They carry the neck just outside of the fenced area and settle it against the trunk of a tree. Reiner angles it so that she will be able to cut it without being suspended above ground.

"I'll hold it steady... would really appreciate it if you didn't cut my hands off," he jests with a hint of seriousness.

She looks at the large, flesh-colored material. Its huge and bulbous form makes it resemble a particularly huge and particularly fat hog, helplessly awaiting the ludgement of her blades.

"What do you think about when you strike?" He asks, as if sensing her demoralization.

"Nothing," she replies reflexively.

"Nothing?" He grimaces at the idea. "You can't think of nothing - that won't work. You need to think of the blade as an extension of your arm, see it strike your target before you even begin to perform the motion."
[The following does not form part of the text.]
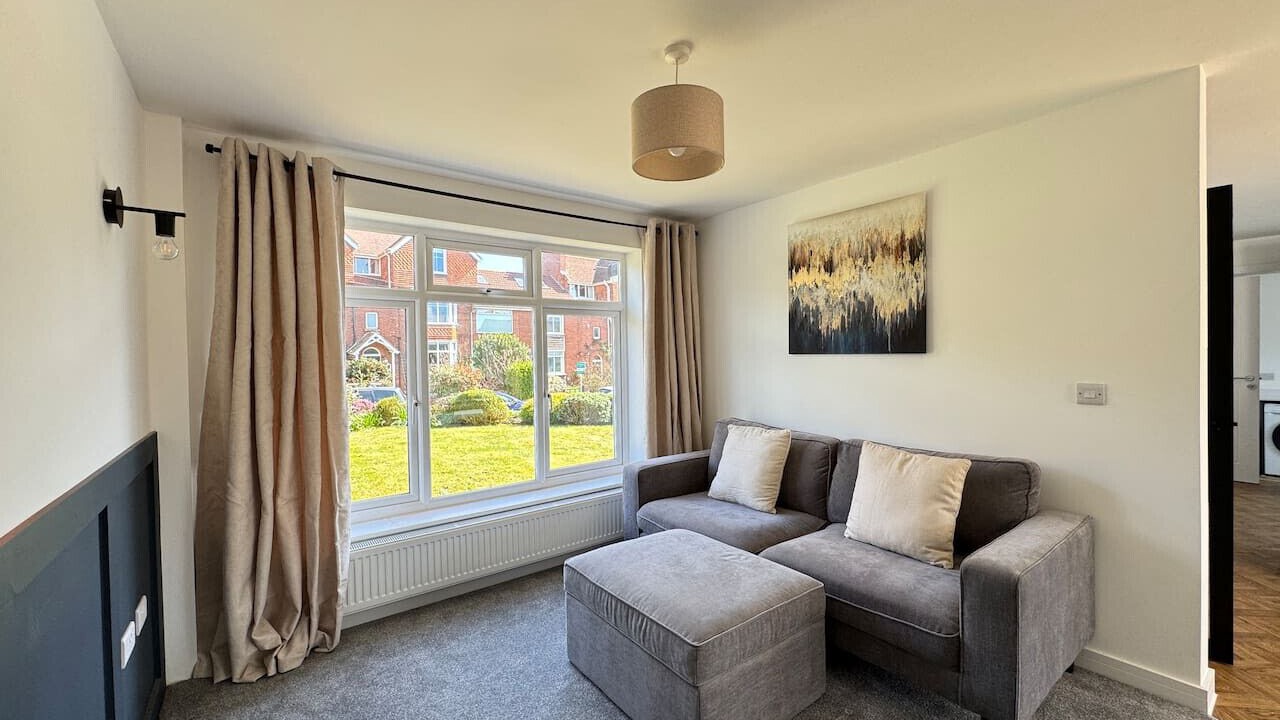 Photo of Livingroom in Clyst St Mary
Iris closes her eyes, thinking it was a mistake to accept his offer to help her. She knows how to handle a weapon; the weapon is not the problem. The problem is her mind.

"I know," she mutters.

Iris levels her blades, raising them in an arch over her right shoulder as she readies herself for the swing. They begin their journey towards their intended target, singing as they cut through the air. Her eyes are on the pink neck, but she does not see a titan or even a training dummy.
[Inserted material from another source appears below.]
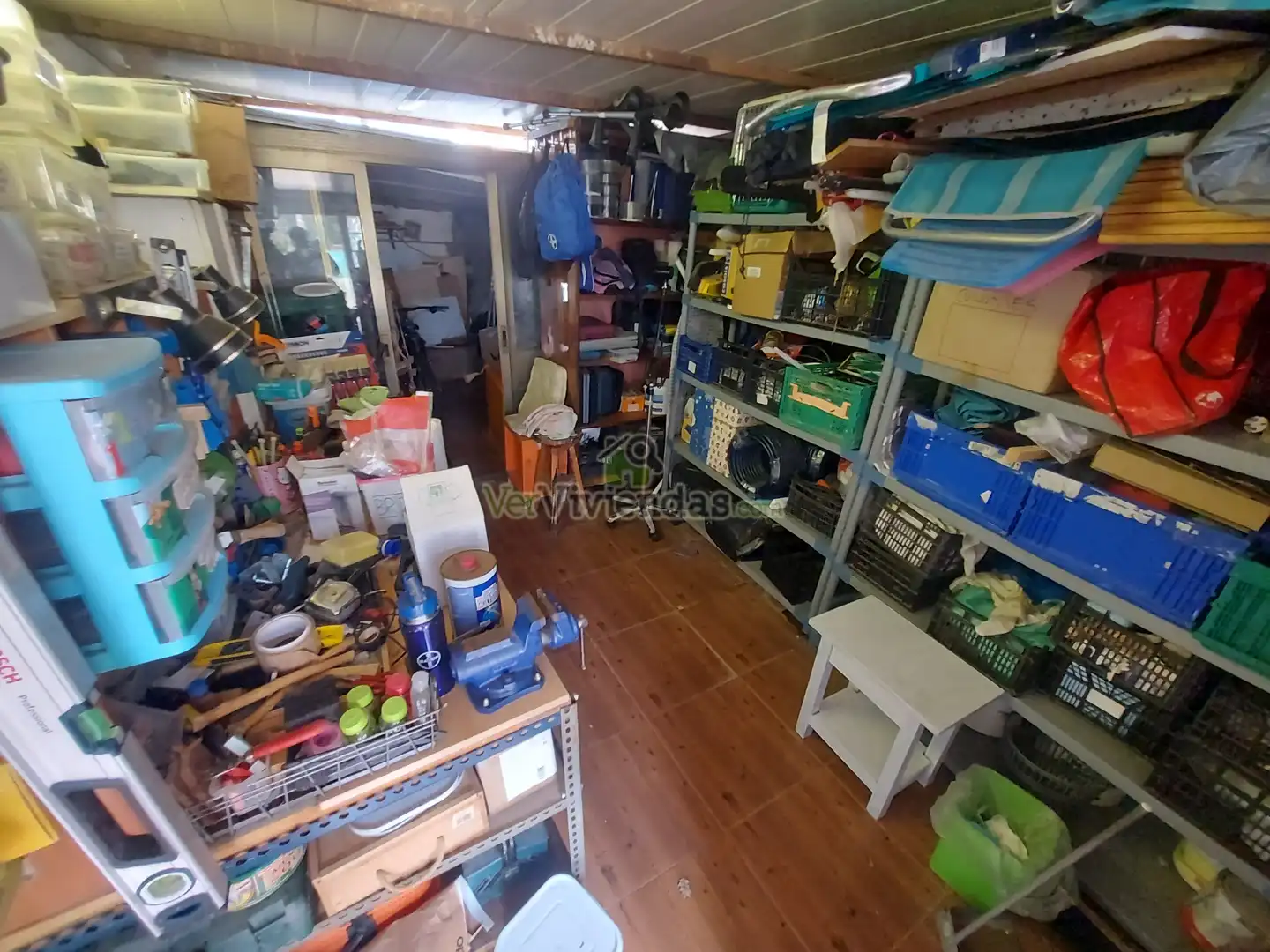 Casa o xalet en venda a Carrer Sardana, 843, Sant Esteve Sesrovires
Instead she sees her father. He holds his hands out to her, stern blue eyes as commanding as those of a god but it is too late to stop the cut from landing on its mark. There is no strength left in her arms as she buries the steel inside his body. The cut is shallow. Her stomach roils and flips inside her body. A familiar feeling of overwhelming dread and shame washes over her like a tidal wave, only to be swept aside a moment later. She blinks rapidly and then begins to shiver with wild, maddening exhilaration.


	3. 3

**3:**

* * *

Iris signs her name on the letter. She has been sitting atop her bed for over an hour, and now she straightens herself. The muscles in her neck and shoulder ache dully. She hesitates before folding the letter over. The envelope and the wax lie atop the dresser at the opposite wall, all she needs to do is put the letter inside the envelope, seal it, and send it off… Once again.

An entire year has passed since she enlisted with the 104th division of the Training Corps. During this time she has waited patiently, fully inserting herself into this burdensome lifestyle.
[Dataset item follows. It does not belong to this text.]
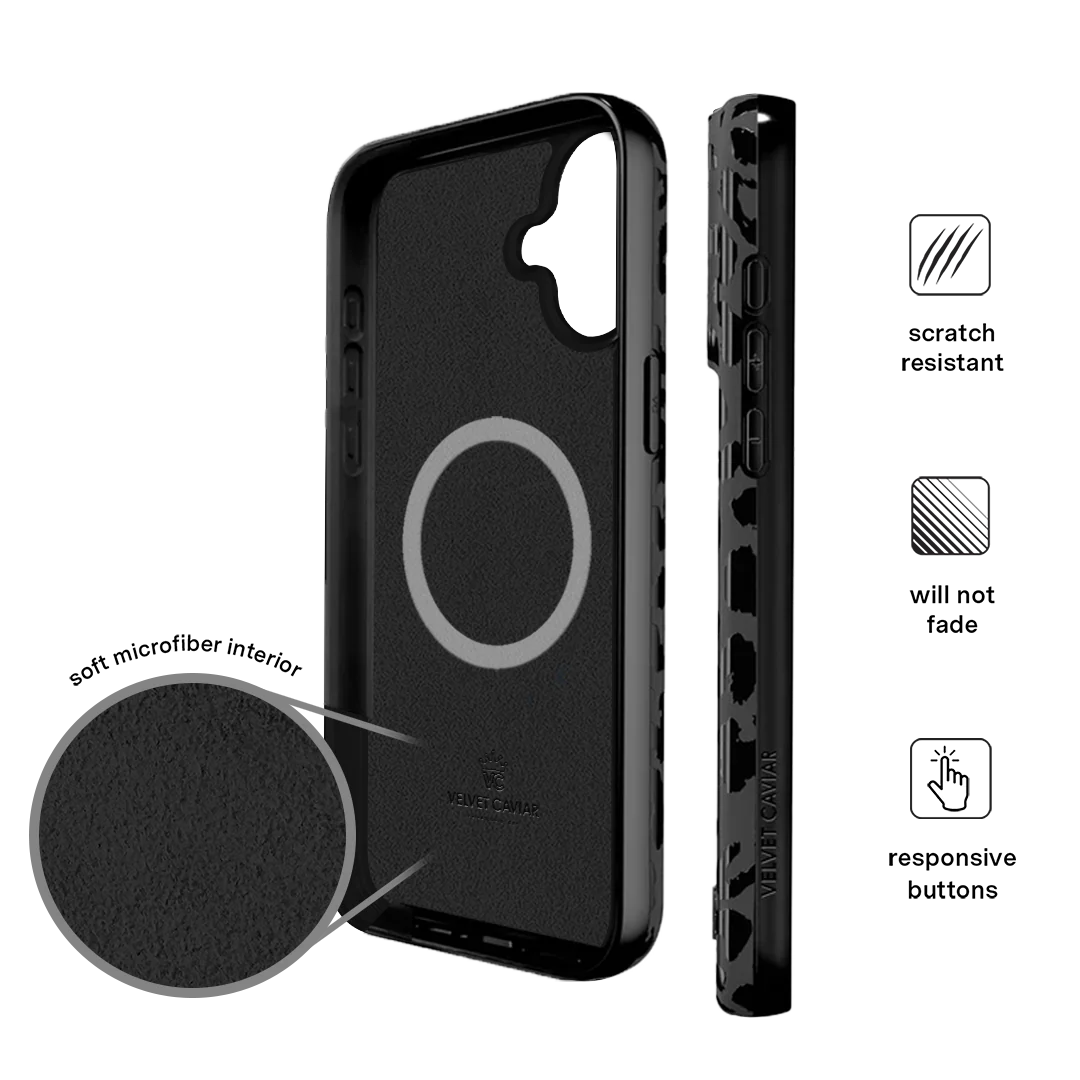 Product image 131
The message she wishes to relay to the Council is short and to the point, hidden underneath the general musings of a daughter corresponding with her father:

"IRS JQR"

" _I await your orders. What is my mission?"_

The chance of her receiving a reply this time, when all her previous attempts at establishing contact have resulted in nothing, seems rather low. A year has passed since she was sent here; one whole year of complete, impenetrable silence. She still does not know for sure that she is tasked with identifying and watching the invading enemy, but what else could it be? With more information... but she must trust the Council. They know what to do.

She seals the letter with her family crest and takes it to the postmaster. On the way back she sees four boys lounging upon the long grassy slope that separates the soldiers' barracks and the administrational buildings. Jean, Marco, Mylius and Karl all seem to be looking at something. After a moment's hesitation, her curiosity takes over and she joins them, sliding down to sit next to Mylius. Jean has a sheathe of grass sticking out from between his lips, and he chews it slowly as he watches the larger group of cadets situated further down the slope.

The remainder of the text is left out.